One of my favorite bits is the Sobornost's abhorrence for the unpredictability of quantum mechanics. (This is just one of the implications of the Great Common Task, not its primary motivation or guiding principle,, but it's one that figures prominently.) For instance, there's a scene in which a higher-level Sobornost gogol speaks with some of his juniors who are running ultra-detailed virtual worlds inhabited by conscious simulations of people who lived in the pre-Sobornost era. A passing question as to whether the detail goes "down to the quantum level" leads to a panicked response from one of the researchers explaining the lengths they've gone to to avoid such "contamination." It's a brief thing, but the sense of paranoia and ideological intolerance it evokes is palpable.

That initially seems like a bizarrely esoteric thing to be angered by but, on reflection, makes perfect sense- dislike for the unpredictable or uncontrollable or messy is a common enough trait, one sometimes taken to an extreme. Take human beings with that sort of mentality and scale them up until they have the power of gods and intellects that fill computronium brains the size of moons, and the sorts of things flesh-and-blood humans try to impose order on pale into relative insignificance. It's the kind of moment I love in science fiction, where something that initially seems unreasonable, out of place, or downright absurd suddenly fits perfectly.

(I still remember, back when I was a little kid listening to Carl Sagan explaining what atoms were like in Episode 9 of Cosmos, being genuinely unsettled by the revelation that an atom's electron cloud contained almost all of the atom's volume but almost none of its mass, and that everything I thought of as solid was actually almost entirely empty space. So I can empathize with the idea of being offended by the behavior of subatomic particles more than most, perhaps. The chilling climax of this dramatic reenactment starring Agent Smith and Morpheus conveys it better than I ever could.)

Rajaniemi does interesting things with ideas like mind uploading and artificial intelligence, especially in the way he integrate some of them into the heist thriller elements of the book. Conflicts can leap from the virtual to the real and back as minds abandon their physical bodies or take them up again, move and copy themselves through computer systems and virtual reality environments, or transmit themselves as data from one physical substrate to another to stay a step ahead. People can radically alter their own personality and memories, take on temporary mental personae- in effect, actually be someone else- while their higher "metaself" oversees them, or go into states of altered consciousness appropriate to particular situations. Individual minds can be copied en masse, either entirely or in limited partial versions.
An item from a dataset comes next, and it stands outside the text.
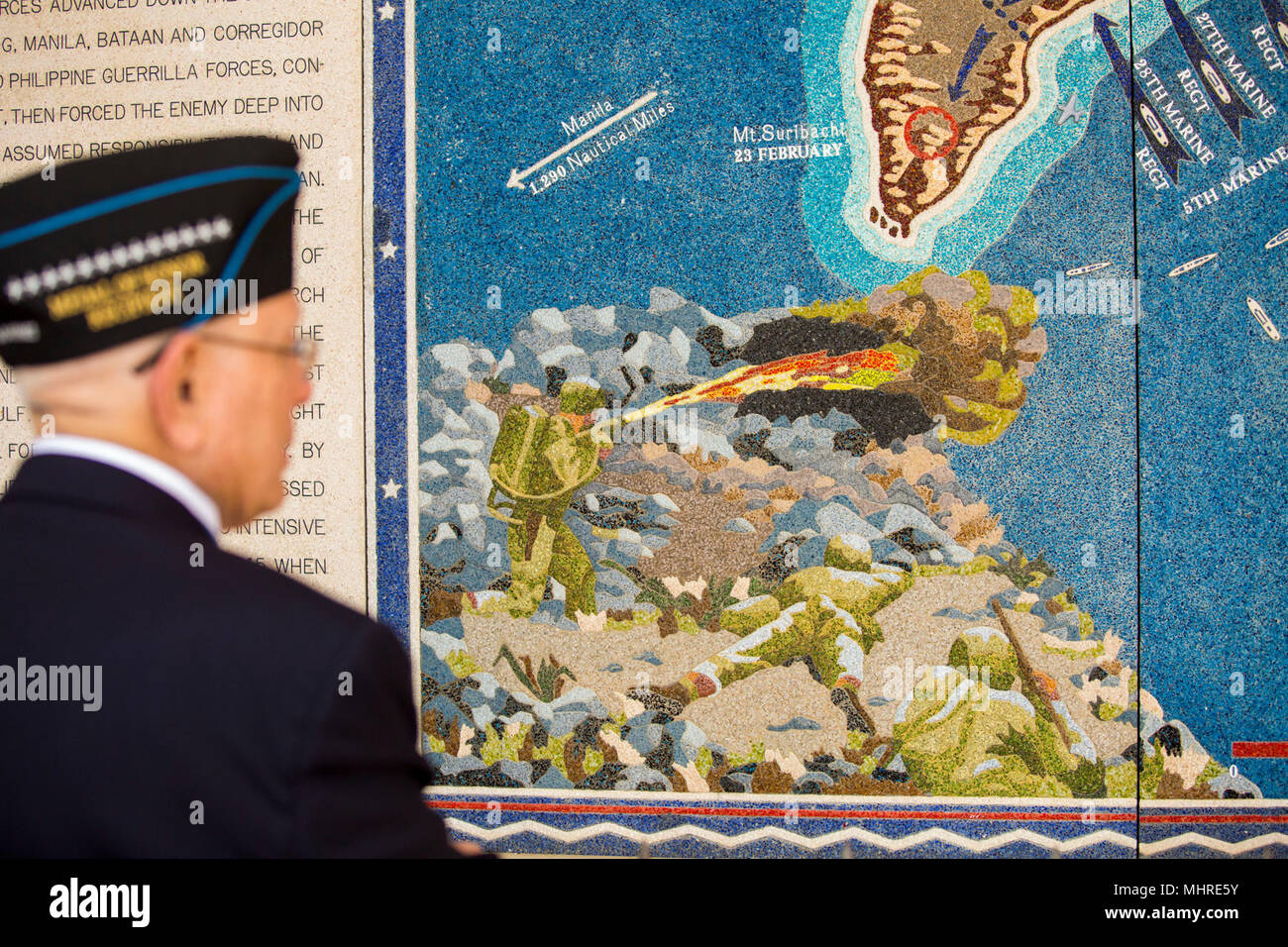U.S. Marine Corps Chief Warrant Officer 4 Hershel 'Woody' Williams (Ret.) observes a portion of a mosaic map of the Battle of Iwo Jima  which features a Marine using a flamethrower, National Memorial Cemetary of the Pacific, Honolulu HI, March 17, 2018. Williams traveled to Oahu to participate in various events and visit the graves of World War II veterans that made the ultimate sacrifice. (U.S. Marine Corps Stock Photo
There's also a refreshing diversity of opinion on the philosophical ramifications of such copying. Some people are casually accepting of it, while others find the idea of being copied deeply violating. The Founders of the Sobornost have built an entire society around it and treat subordinate gogols-- including fully conscious copies of themselves- as casually disposable. Other issues are also raised-- for instance, the extent to which an earlier iteration of yourself who did things you can't remember doing was "you." The book doesn't focus on these things, but they are dealt with in an interesting way.

I strongly recommend The Fractal Prince and its predecessor, The Quantum Thief, for seasoned fans of science fiction, especially if you're interested in far-future settings or subjects like artificial intelligence, mind uploading, and posthumanism, or just like a fast-paced adventure story or crime/heist thrillers, provided you don't mind some fairly dense world-building. It's entertaining, finely written, has an intriguing and imaginative setting, and strongly rewards reading more than once.